|Wednesday, September 13, 2017||4:00PM - 6:00PM||108N, North House, 1 Devonshire Place|
Although political parties of the extreme right closely connected to (Neo)-Nazism have drawn most of the attention of researchers and pundits for a long time, the German public became aware of the self-stylized “New Right” only with the recent rise of new right-wing populist movements. However, immediately after the Second World War, intellectuals constituted a “New Right” that replaced National Socialist ideology of racial supremacy with concepts of ethnopluralism, referred to volkish movements, specifically the “Conservative Revolution,” prior to National Socialism, and adopted new strategies in the struggle for cultural hegemony. While antisemitism, a key element of Nazi ideology, allegedly has been erased from the “New Right’s” political agenda, it still functions as an important ideological and mobilizing factor. In this talk, Marcus Funck will discuss recent developments in the antisemitic discourse of the political right in Germany.

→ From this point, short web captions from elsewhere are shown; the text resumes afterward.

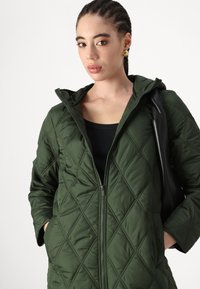 Grüne Steppjacke mit Kapuze, ausgestattet mit einem Frontreißverschluss, zwei Seitentaschen und einem strukturierten Rautenmuster. Schwarzes Oberteil darunter, kombiniert mit einer Tasche.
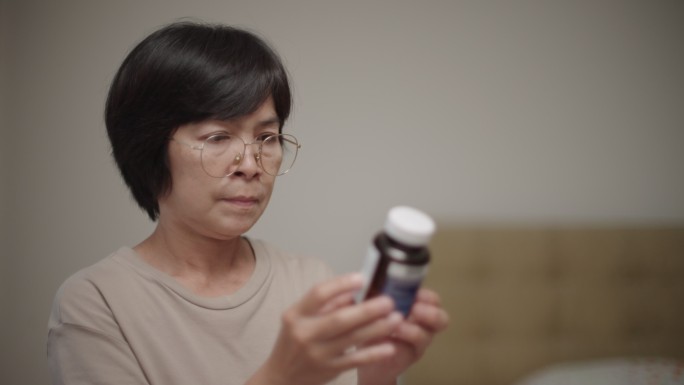 在家看药的女人戴眼镜的中年妇女看药品服用
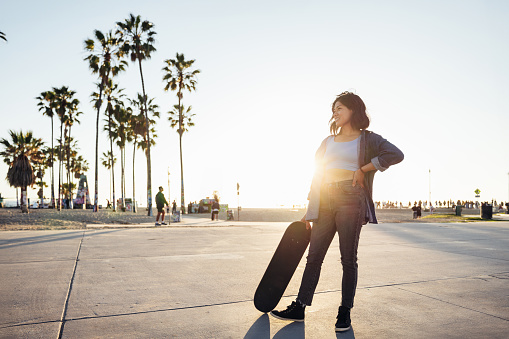 Woman walking on Venice Beach promenade going to skate at sunset.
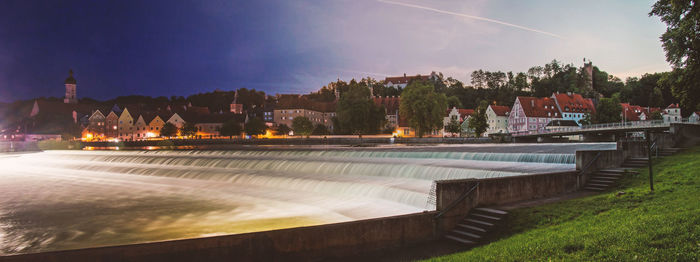 Fountain in park by lake against sky in city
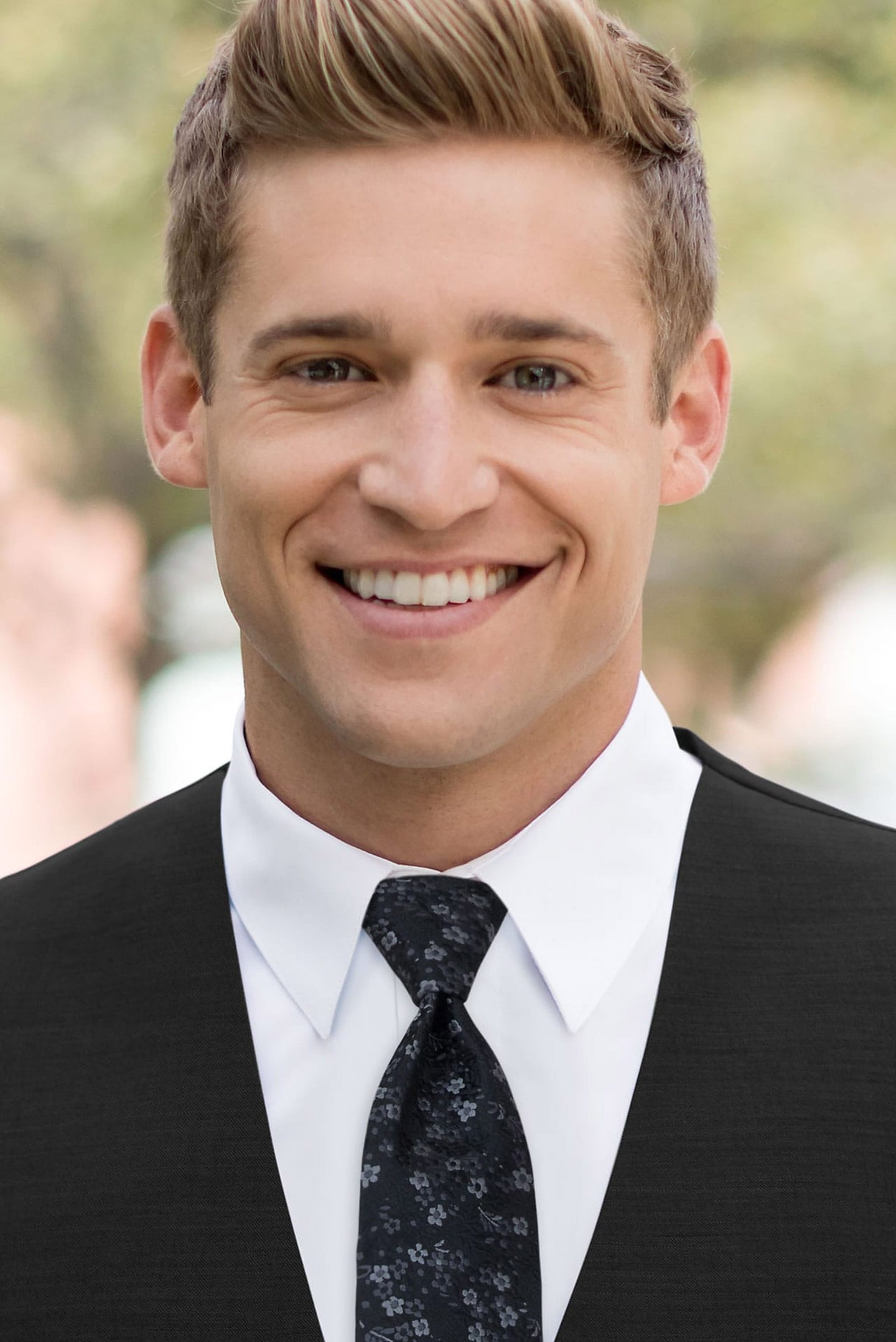 man wearing white shirt, floral black windsor tie and solid black Expressions vest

Marcus Funck, historian, is a research associate and Graduate Program Director at the Centre for Research on Antisemitism, Technische Universität Berlin. From 2006 to 2010, he was the DAAD Visiting Professor at the Canadian Centre for German and European Studies at York University. He is the co-editor of the Jahrbuch für Antisemitismusforschung and has published in the fields of modern German and European history. Currently, he is engaging in a “history of the present” exploring the historical archives of present-day radical nationalist thought and is preparing a book-length essay on the history of difference and sameness in Germany since 1800.